Algorithm for cellular reprogramming

Abstract

The day we understand the time evolution of subcellular events at a level of detail comparable to physical systems governed by Newton's laws of motion seems far away. Even so, quantitative approaches to cellular dynamics add to our understanding of cell biology. With data-guided frameworks we can develop better predictions about, and methods for, control over specific biological processes and system-wide cell behavior. Here we describe an approach for optimizing the use of transcription factors (TFs) in cellular reprogramming, based on a device commonly used in optimal control. We construct an approximate model for the natural evolution of a cell-cycle-synchronized population of human fibroblasts, based on data obtained by sampling the expression of 22,083 genes at several time points during the cell cycle. To arrive at a model of moderate complexity, we cluster gene expression based on division of the genome into topologically associating domains (TADs) and then model the dynamics of TAD expression levels. Based on this dynamical model and additional data, such as known TF binding sites and activity, we develop a methodology for identifying the top TF candidates for a specific cellular reprogramming task. Our data-guided methodology identifies a number of TFs previously validated for reprogramming and/or natural differentiation and predicts some potentially useful combinations of TFs. Our findings highlight the immense potential of dynamical models, mathematics, and data-guided methodologies for improving strategies for control over biological processes.

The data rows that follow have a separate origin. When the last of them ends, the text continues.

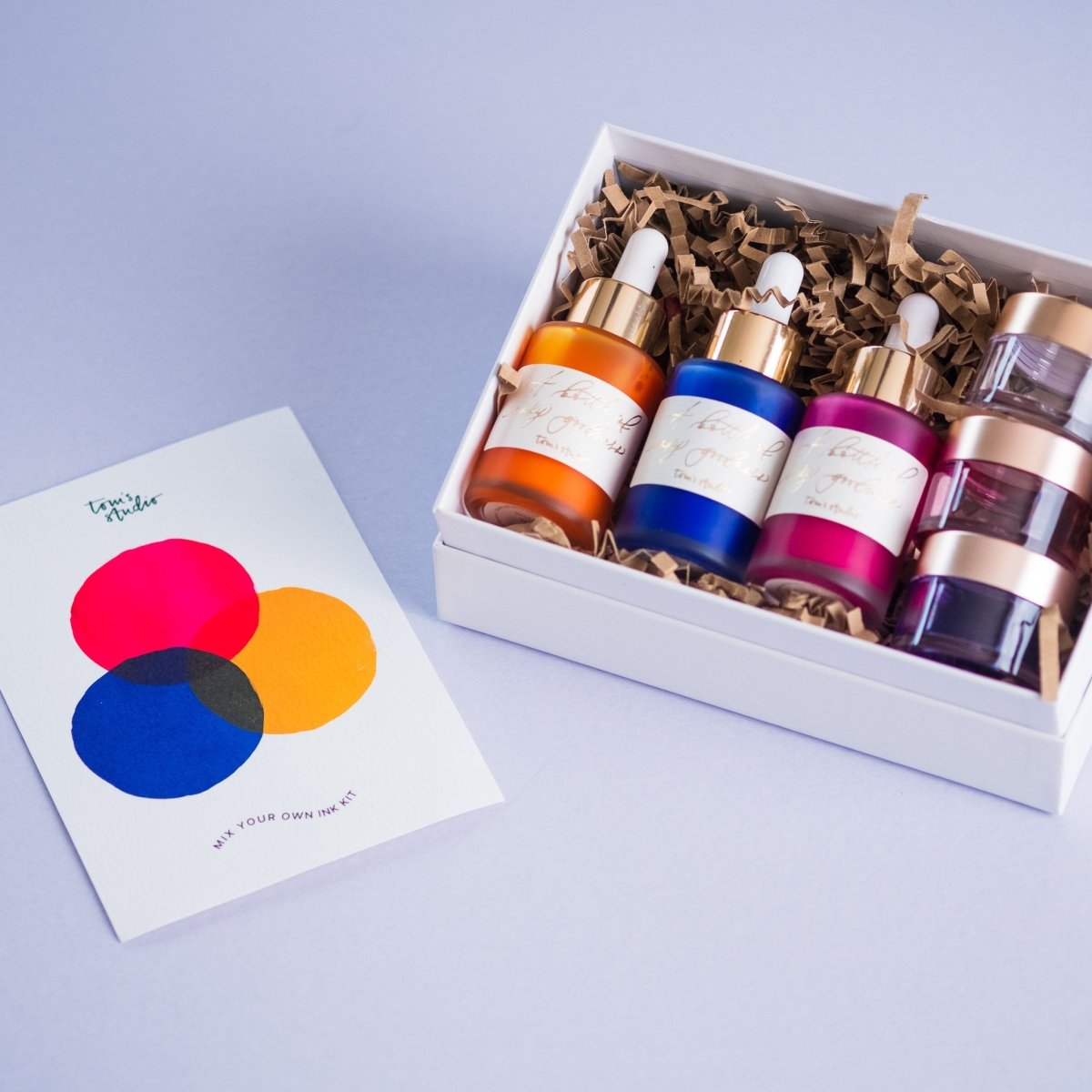 Mix Your Own Calligraphy Ink gift set including Sunflower, Ultra Marine and Hot Pink, and ink pots for colour mixing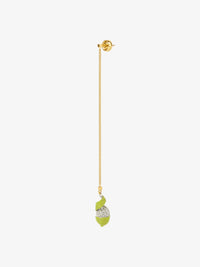Mono boucle Charm citron en laiton avec cristaux - Silvery & Yellow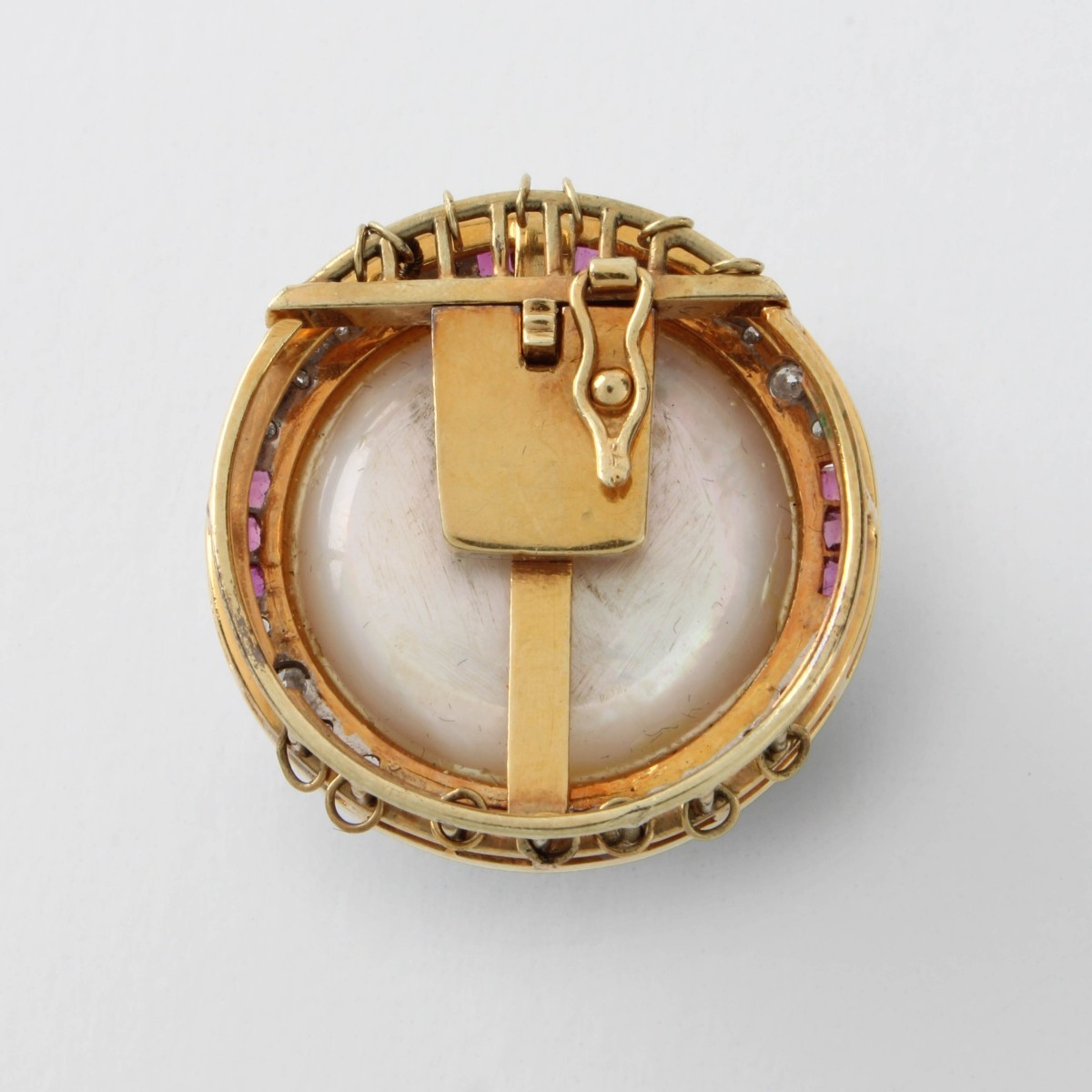 Pearl, Diamond, Ruby and 14K Pendant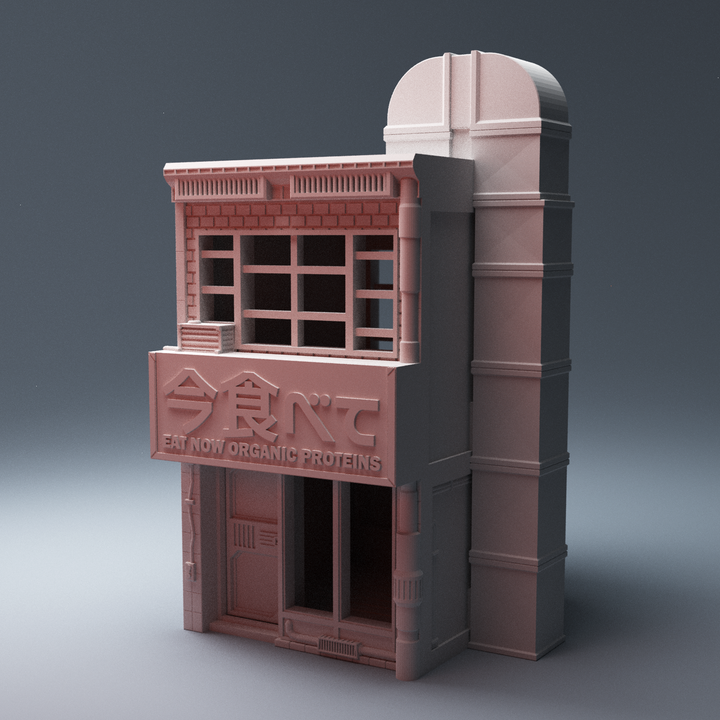 Corvus Games Terrain 3D printable Eat Now Restaurant 28mm cyberpunk and scifi tabletop wargaming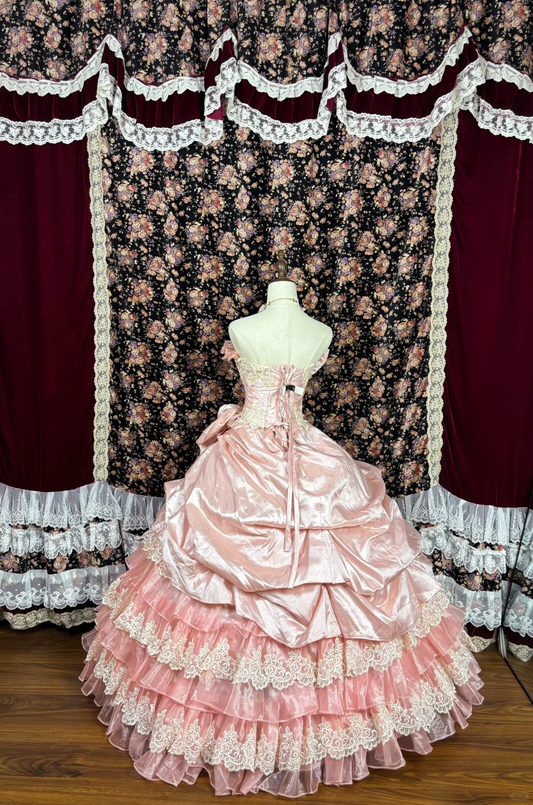Vintage Pink Lace Satin Quinceanera A-Line Tiered Dress Evening Ball Gown DP6270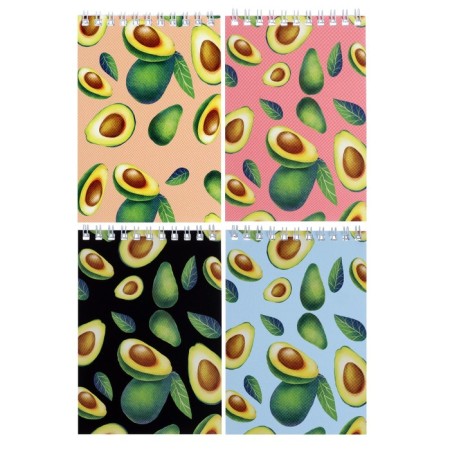 Notepad A6, 40 sheets in a cage on the rowing "Avocado", covered cardboard, mix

Keywords: cellular reprogramming; control theory; genome architecture; networks; time series data.

Fig. 1.

Overview of TAD dimension reduction. (A) Partitioning the Hi-C matrix based on the Fiedler vector. (B) Cartoon depiction of TAD genomic structure. (C) TAD dimension reduction summary.

Fig. 2.

DGC overview. (A) Summary of control equation variables. (B) Each TAD is a node in a dynamic network. The blue connections represent the edges of the network and are determined from time series fibroblast RNA-seq data. The green plots represent the expression of each TAD changing over time. The red arrows indicate additional regulation imposed by exogenous TFs. (C) A conceptual illustration of the problem: Can we determine TFs to push the cell state from one basin to another?

Fig. 3.

Quantitative measure between cell types and TF scores. (A) $d_0$ values between GTEx tissue types and ESC, myotube, and fibroblast. Tissue types and cell types with black arrows have predicted TFs for reprogramming from fibroblasts shown in B. (B) Table of predicted TFs for a subset of cell and tissue types. Top five TFs for combinations of one to three are shown. Green labeled TFs are highly associated with the differentiation process of the target cell type and/or validated for reprogramming. These TFs are discussed in the main text. (C) Time-dependent scores for selected combinations of three TFs for fibroblast to ESC and fibroblast to “heart - left ventricle.” x axis refers to time of TF addition, and y axis refers to $\mu$.